Anonymized case study
A $234k USDC drain, traced in minutes
A real Solana wallet was swept of its entire USDC balance in two transfers, 68 seconds apart. Addresses are redacted; every figure below comes from public on-chain data the report indexed automatically.
$233.8k
USDC drained
2
transfers
68 sec
drain window
1
recipient wallet
What happened
The victim's self-custody wallet (81RYqD…Rq81a) held a large USDC balance. Within a 68-second window, the entire balance moved out in two SPL token transfers to a single unlabeled wallet (7uTT8X…i8pZ). No SOL and no NFTs were touched — a signature pattern consistent with a leaked seed phrase or a maliciously-signed transaction, not a contract exploit.
What the report did automatically
- Scoped the incident day by value. Instead of guessing from transaction counts, it locked onto the day with the highest-value outflow — isolating the two USDC legs that mattered out of the wallet's history.
- Valued the loss correctly.

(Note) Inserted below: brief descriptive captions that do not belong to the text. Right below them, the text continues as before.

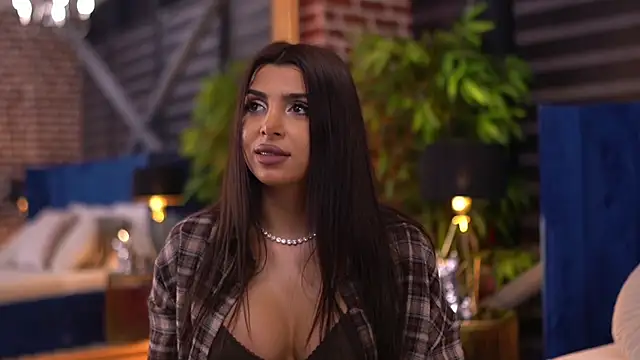 NicoleCellini online show from October 26, 6:58 pm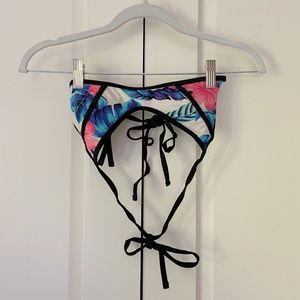 Scoop Neck Floral Swimsuit Top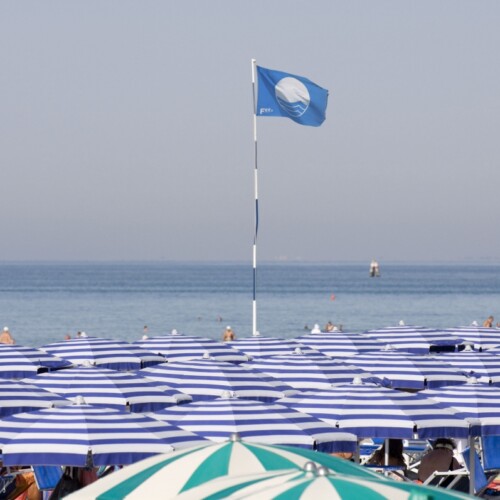 11 bandiere blu sventoleranno sulle spiagge pugliesi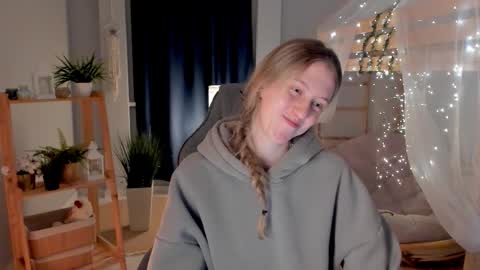 Snapshot of sharonevansi chatting on May 2026 06:02:02 PM Sharon online show from May 2026 06:02:02 PM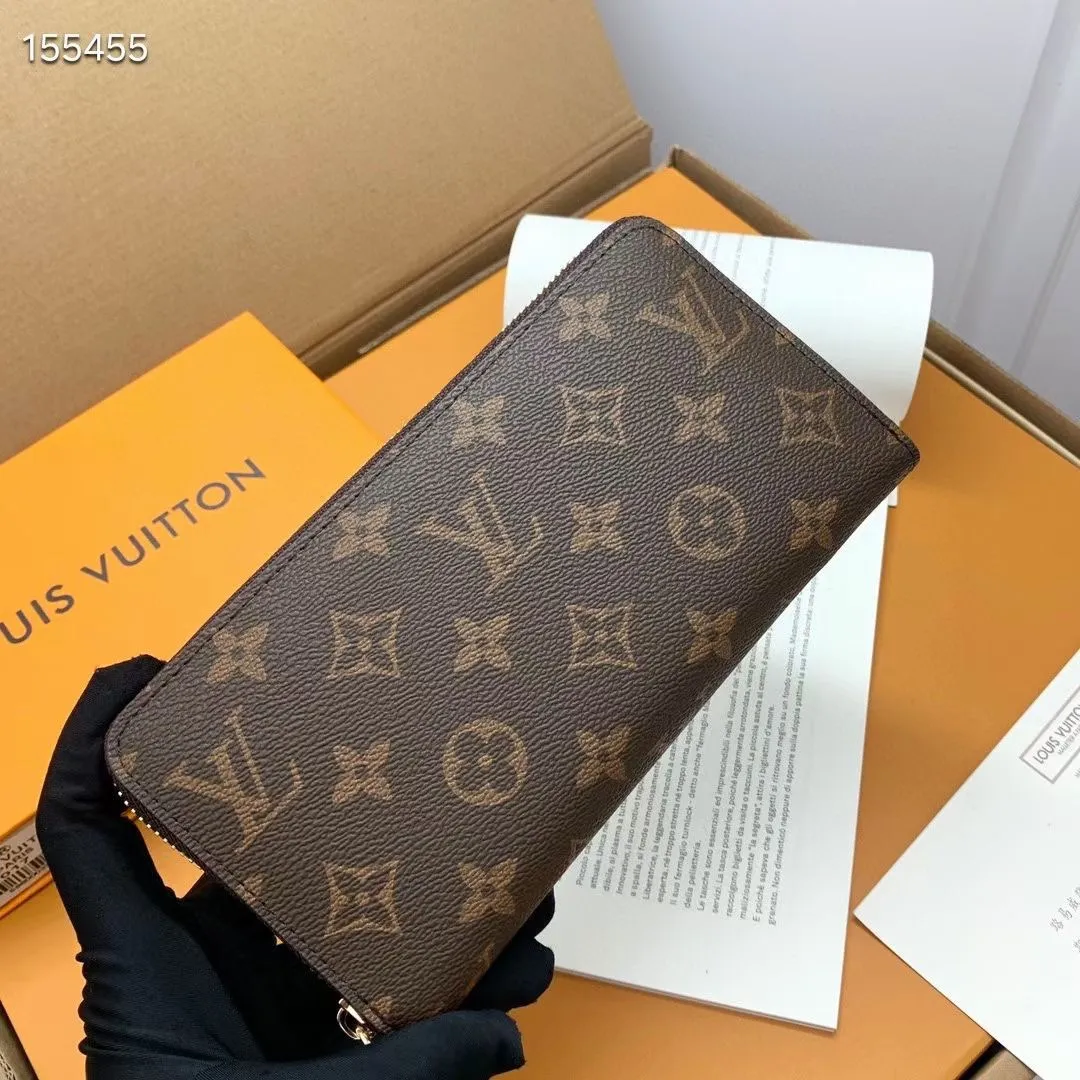 P100💰 💎M60017 inner color ❤️ brown powder ZIPPY zipper wallet. The Zippy wallet pays homage to Louis Vuitton's heritage of travel and trunk making, with a travel-style patch and Louis Vuitton logo. With its compact interior and simple design, this wallet is ideal for everyday use. Model M60017. Size: 19x10.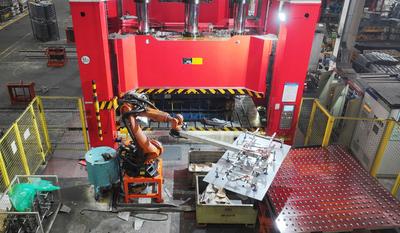 YANGZHOU, CHINA - DECEMBER 23: Industrial robot works on the production line of auto parts at a factory on December 23,-stock-foto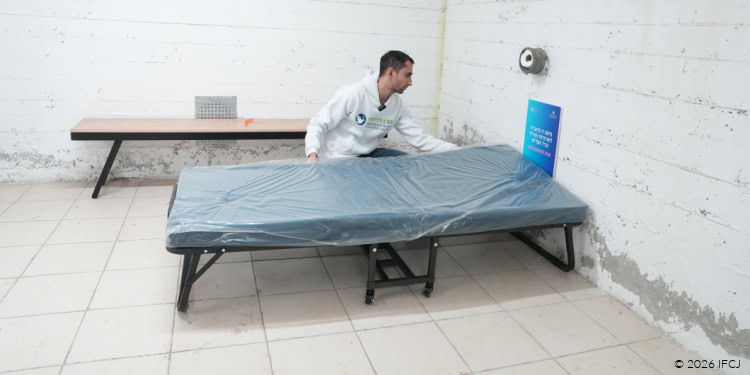 Portable beds in Tel Avivi bomb shelter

USDC is a stablecoin, so the loss resolved to ≈ $233,794 at high confidence — not a misleading near-zero figure.
- Traced the destination & next hop. It identified the single recipient, checked the current on-chain balance, and flagged second-hop movement for exchange and law-enforcement follow-up.
- Surfaced the recovery window. Because USDC is centrally issued, the report showed how much was still freezable and generated a ready-to-send Circle freeze-request letter pre-filled with the recipient address, amount, and full transaction signatures.
Why this matters
A block explorer shows the transactions. It does not tell a panicked victim how much is still freezable, who to contact, or hand them a compliance-ready letter and evidence pack. That packaging — the difference between raw data and an action you can take in the first hour — is the whole point of a Tracefunds case file.
Public on-chain data only. Not legal advice and not a recovery guarantee. A freeze is at the issuer's discretion and typically requires a law-enforcement report.